Reputation: 43
I am trying to scrape a web page and store the results in a csv/excel file. I am using beautiful soup for this.
I am trying to extract the data from a soup , using the find_all function, but I am not sure how to capture the data in the field name or title
The HTML file has the following format
<h3 class="font20">
<span itemprop="position">36.</span>
<a class="font20 c_name_head weight700 detail_page"
href="/companies/view/1033/nimblechapps-pvt-ltd" target="_blank"
title="Nimblechapps Pvt. Ltd.">
<span itemprop="name">Nimblechapps Pvt. Ltd. </span>
</a> </h3>
This is my code so far. Not sure how to proceed from here
from bs4 import BeautifulSoup as BS
import requests
page = 'https://www.goodfirms.co/directory/platform/app-development/iphone?
page=2'
res = requests.get(page)
cont = BS(res.content, "html.parser")
names = cont.find_all(class_ = 'font20 c_name_head weight700 detail_page')
names = cont.find_all('a' , attrs = {'class':'font20 c_name_head weight700
detail_page'})
I have tried using the following -
Input: cont.h3.a.span
Output: <span itemprop="name">Nimblechapps Pvt. Ltd.</span>
I want to extract the name of the company - "Nimblechapps Pvt. Ltd."
Upvotes: 4
Views: 172
Reputation: 22440
Try not to use compound classes within the script as they are prone to break. The following script should fetch you the required content as well.
import requests
from bs4 import BeautifulSoup
link = "https://www.goodfirms.co/directory/platform/app-development/iphone?page=2"
res = requests.get(link)
soup = BeautifulSoup(res.text, 'html.parser')

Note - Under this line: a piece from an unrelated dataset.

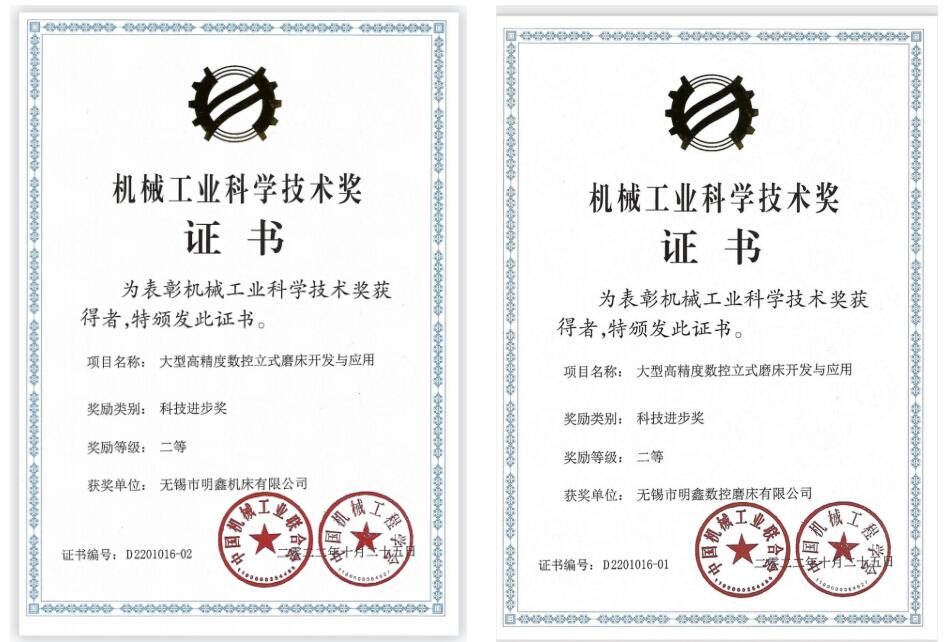 明鑫机床荣获中国机械工业科学技术奖项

for items in soup.find_all(class_="commoncompanydetail"):
names = items.find(class_='detail_page').text
print(names)
Upvotes: 1
Reputation: 84465
Same thing but using descendant combinator " "
to combine the type selector a
with attribute = value selector [itemprop="name"]

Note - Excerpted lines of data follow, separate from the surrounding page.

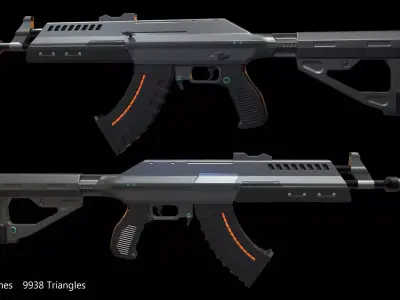 Futuristic weapon for mobile game inspired by an Ak47 Low-poly 3D model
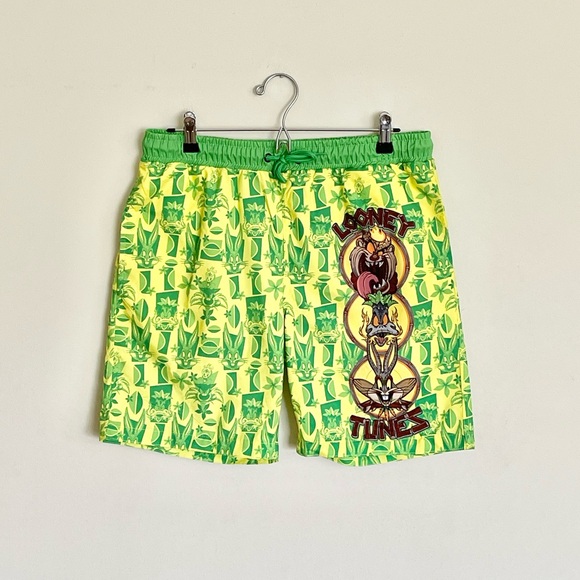 Looney Tunes Tiki Taz Bugs Daffy Graphic Yellow Green Swim Trunks Men’s Medium - Picture 2 of 12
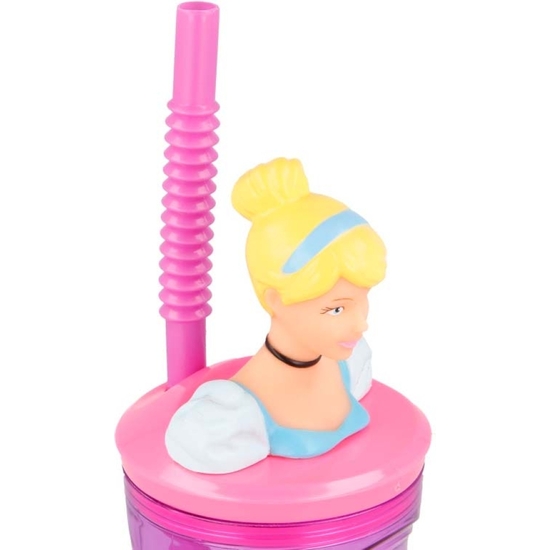 PRINCESAS DISNEY VASO PAJITA FIGURA 3D 360 ML image 3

names = [item.text for item in cont.select('a [itemprop="name"]')]
Upvotes: 1
Reputation: 8077
You can use a list comprehension for that:
from bs4 import BeautifulSoup as BS
import requests
page = 'https://www.goodfirms.co/directory/platform/app-development/iphone?page=2'
res = requests.get(page)
cont = BS(res.content, "html.parser")
names = cont.find_all('a' , attrs = {'class':'font20 c_name_head weight700 detail_page'})
print([n.text for n in names])
You will get:
['Nimblechapps Pvt. Ltd.', (..) , 'InnoApps Technologies Pvt. Ltd', 'Umbrella IT', 'iQlance Solutions', 'getyoteam', 'JetRuby Agency LTD.', 'ONLINICO', 'Dedicated Developers', 'Appingine', 'webnexs']
Upvotes: 2